Isn’t that slightly raised right index finger interesting? I wonder if that was an actual mannerism of Lincoln’s, or just an artistic decision made by the sculptor.
Lincoln’s Gettysburg Address is, of course, among those writings inscribed on the wall of the memorial. For some reason I’d assumed that the bit we all know was the beginning of a much longer speech. But no, the entire thing is contained in this single panel. Simple and eloquent. Why the heck do politicians talk so dang much today? And why do they so often seem to say so little?

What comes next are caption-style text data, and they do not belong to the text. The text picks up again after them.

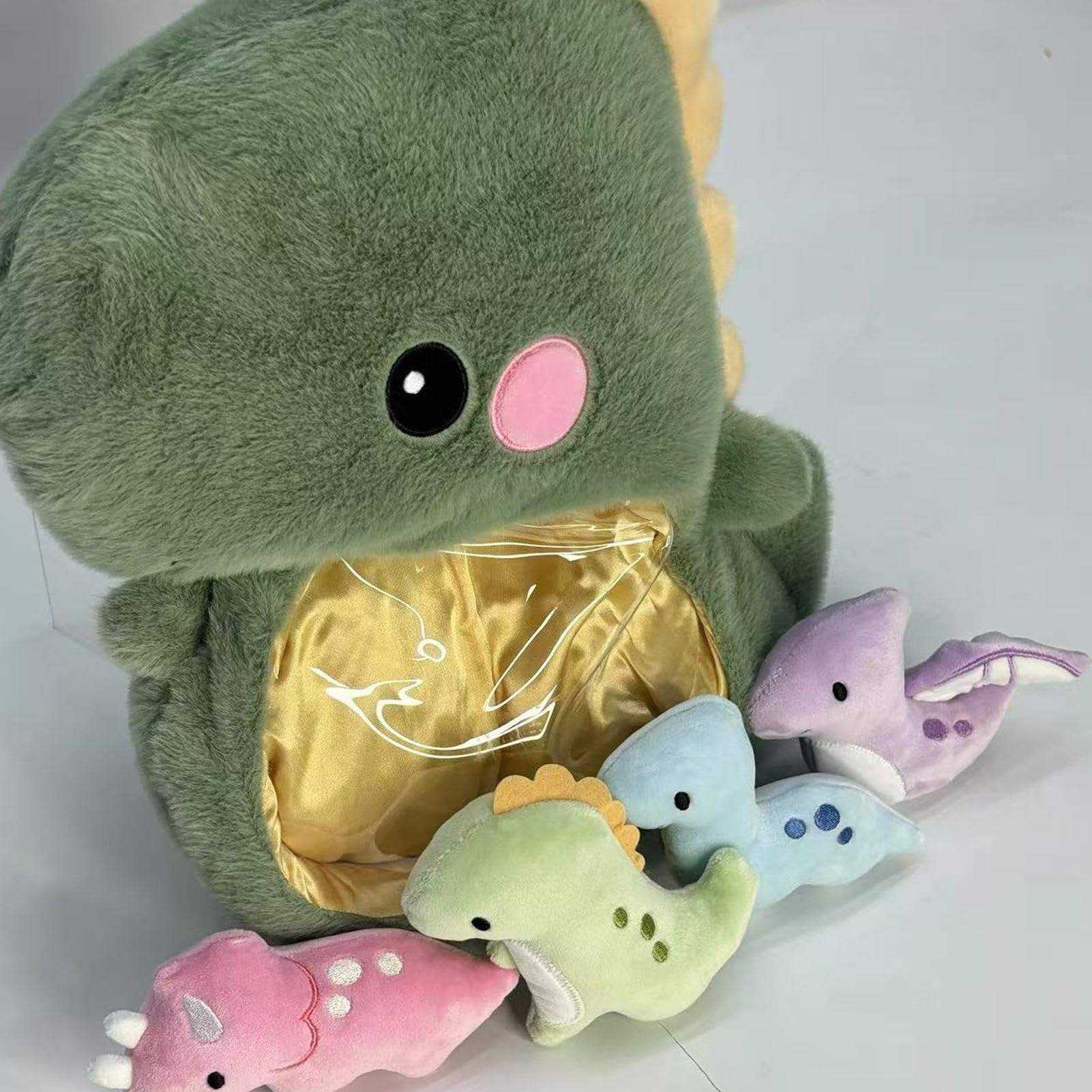 恐竜ぬいぐるみ | 柔らかい カートゥーン プラッシュ 眠り用クッション - ソフト 装飾用 抱き人形 大人..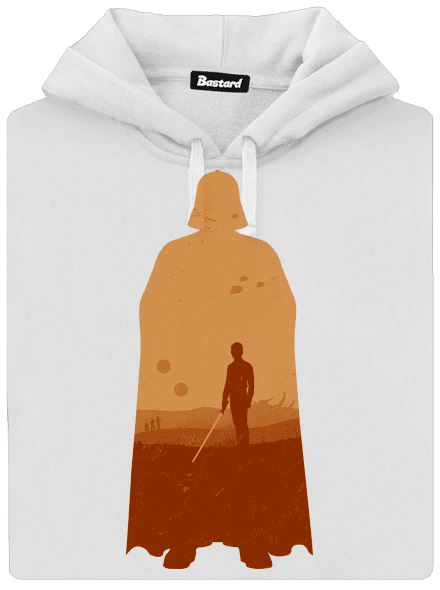 Skywalker dámska mikina klokanka White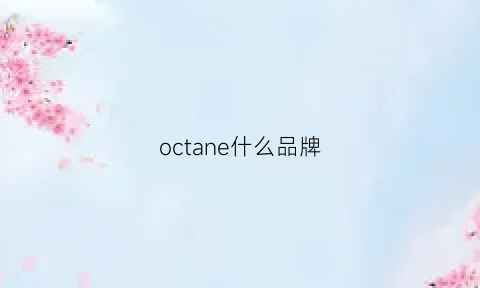 octane什么品牌(octane官方版)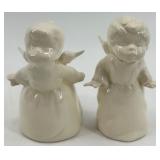 Marquis Waterford Crystal Angel, Blue Bird of Happiness & 2 Ceramic Angels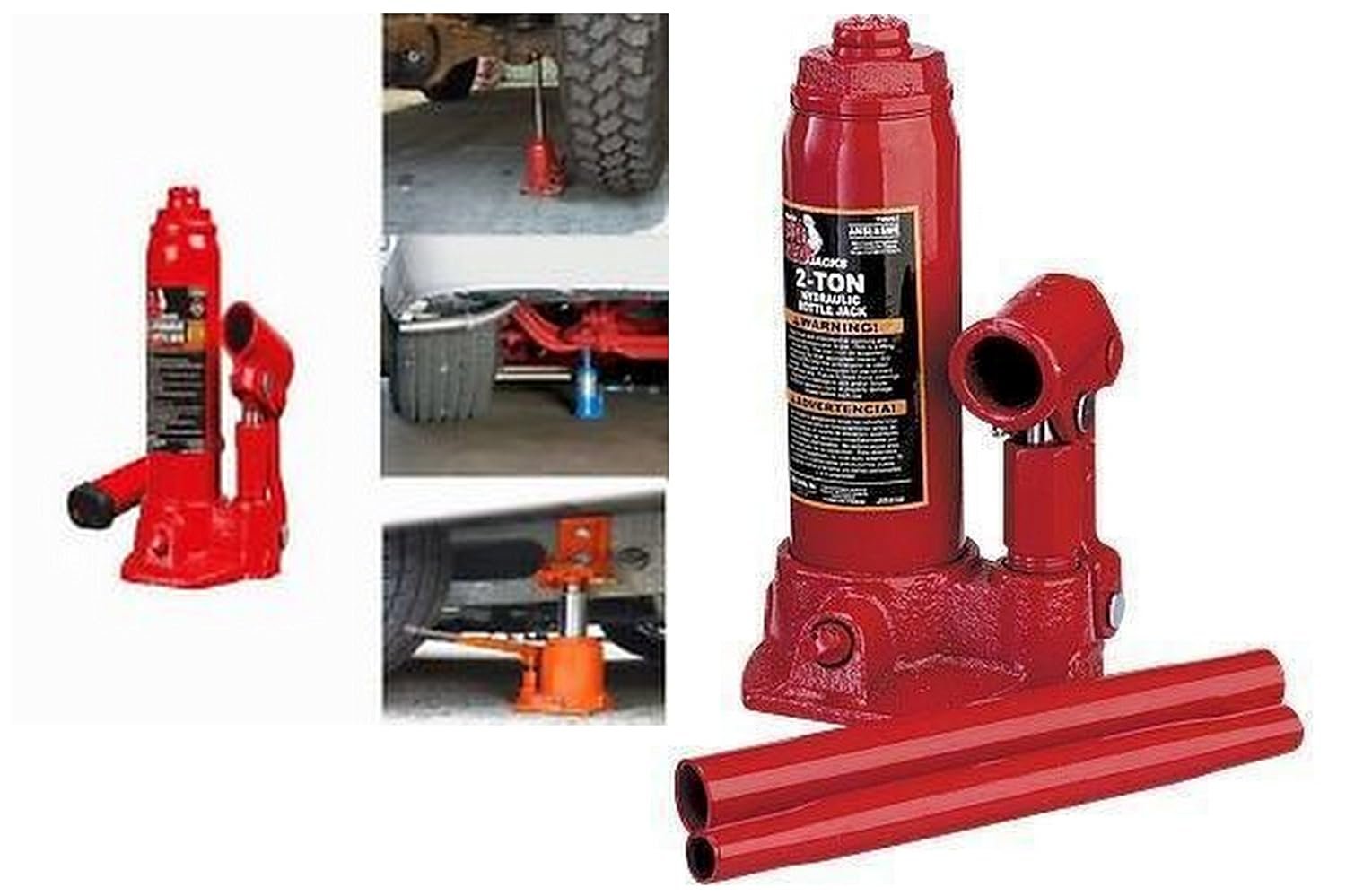 Vocado 2 ton Car Hydraulic Bottle Shaped Jack for Maruti Suzuki Celerio X 2018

Vietnam Veterans Memorial I knew what the Vietnam Memorial was going to look like, having seen plenty of pictures and followed from afar the design and construction of it. And everyone I knew who had seen it raved at how touching it is. The one thing that pictures and words cannot convey is what it feels like to walk by the wall. Getting to the wall from the Lincoln Memorial you walk past a monument to the U.S. soldiers who fought in Vietnam.
It’s slightly larger than life-size and the details are amazing. From the expressions on their faces these men are exhausted and yet resolved. I wish we’d had more time so I could take pictures of this piece from different angles.
The Vietnam Wall is shaped like a long, meandering trapezoid. Like the FDR Memorial, this is one that you don’t just approach and leave; the path takes you along the entire length of the Wall. The panels on each end taper up towards the panels in the middle. This is visually pleasing, but the effect results from the fact that each panel bears the names of the soldiers who died in a given year of the war, and so the overall shape of the wall is a long, tapered trapezoid. I didn’t have the right equipment to get all or even any significant portion of the Wall in a photograph, so I didn’t even try.
You might not expect a simple list of names to be so moving. I certainly didn’t. And while this listing might seem like a way of making the names anonymous, it had the opposite effect. I don’t have a relative whose name is on the Wall so none of the names here meant anything to me personally. But when you are confronted with the sheer magnitude of the mortality and the (mostly) young people who were lost to their families, it’s very sobering.
Note that there are no ranks among the names. Each name on the wall represents a person who served and died, and military ranks don’t matter to the dead. Nobody gets special treatment in this memorial.
Slightly off the beaten path and therefore not heavily visited is the Vietnam Women’s Monument. There are only eight women’s names on the Wall, but there were ~11,000 women who served in Vietnam, mostly as nurses. The Vietnam Women’s Monument recognizes the skills of these women as they tend to a wounded soldier.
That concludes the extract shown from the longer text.